Таким образом, Буратино является объективизацией автономизированного фаллоса, наделенного минимумом ума и максимумом маневренности для достижения единственно возможной цели. Настойчивое подчеркивание принадлежности героя к фаллической стадии, его представительские полномочия и симптоматичные регалии, заставляют нас предположить, что автор вкладывал в эту фазу большое значение. Вероятно, не зря именно она противостоит на страницах книги прочим — латентной, орально-каннибалистической и анально-садистической (большей частью — последней). Ответ на это прост — у Буратино, как у каждого в этой фазе, концентрирующаяся энергия либидо менее всего завуалирована и искажена. Ее безусловная ценность уже свободна от несовершенства двух предшествующих фаз, и в то же время еще не опошлена отвлеченной латентной прагматикой. Конечно, в ней сексуальность Буратино еще не завершила свое формирование, и в настоящем виде представляет собой экспансивную силу, не нашедшую себе достойного приложения. Но ее важность можно оценить уже на данном этапе, перспективы ее применения начинают проглядывать уже сейчас. Поэтому автор открыто одобряет проявляемый героем "генитальный" интерес (пресловутые попытки Буратино повсюду "сунуть нос не в свое дело" — автор дает понять главному герою и читателю, что настоящее дело для носа Буратино еще впереди). За всем этим проглядывает колоссальный по своей глубине смысловой ряд, дешифровку которого мы произведем по мере описания характера героев.

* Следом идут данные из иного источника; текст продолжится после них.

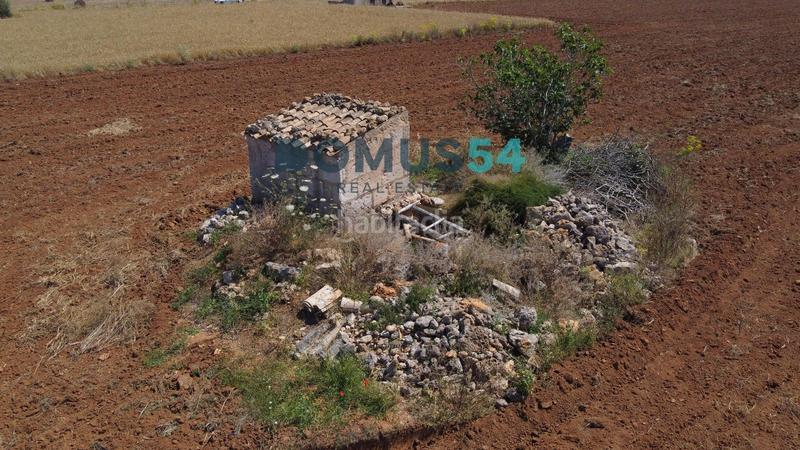 Foto 9f8d8878-182d-4f52-b881-2bd5a5ea4b94. Fondo rustico in Muro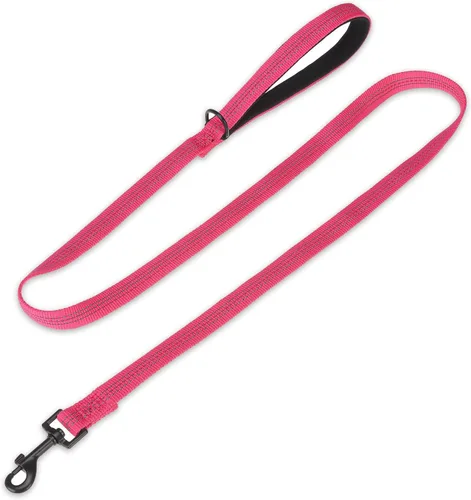 Vista 24 de PUPTECK Correa reflectante para perro con cómodo mango acolchado, correa de nailon duradera para perros pequeños, medianos y grandes, gatos Beige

Конечно же, у главного героя должна иметься какая-то маленькая, но весьма беспокоящая его деталь, которая бы разнообразила его неуязвимый характер. Для Буратино ее роль выполняет Эдипов комплекс — характерная установка ребенка по отношению к родителям, которая складывается в фаллической фазе сексуального развития. Автор сознательно ставит своего героя перед необычно усложненным вариантом этого психического гандикапа — отцов у Буратино двое. Папа Карло тоже может считаться таковым, ибо, родив Буратино, он больше ни разу не претендует на какие-либо женские роли. Вариантом выхода из этого комплекса для мальчика является идентификация с отцом. Буратино это сделать трудно, ибо отец у него совсем не "папа" Карло, а старик Джузеппе — и в силу этого главный герой стоит еще и перед задачей половой идентификации, которую он успешно одолевает в ходе поисков себя (ибо две эти задачи неразделимы благодаря онтогенезу Буратино). Однако дается ему это нелегко — свойственная фаллической стадии агрессия ориентируется как на родителей, так и на братьев с сестрами — отсюда первоначальные конфликты Буратино с Папой Карло и друзьями-куклами (случай с Мальвиной достоин отдельного рассмотрения). Агрессия — качество, биологически присущее индивиду, своей бессознательной целью имеет самоуничтожение, питающееся энергией первичного позыва к смерти, Танатоса — тесно связана с развитием либидо, и входит составной частью в его прегенитальные организации. Однако, под руководством интенции либидо, Буратино преодолевает этот порог, за которым его ожидает счастливый финал — психосексуальный катарсис, сторицей вознаграждающий героя произведения за все преодоленные препятствия — позволяя практически миновать латентную фазу развития при достижении вожделенной генитальной.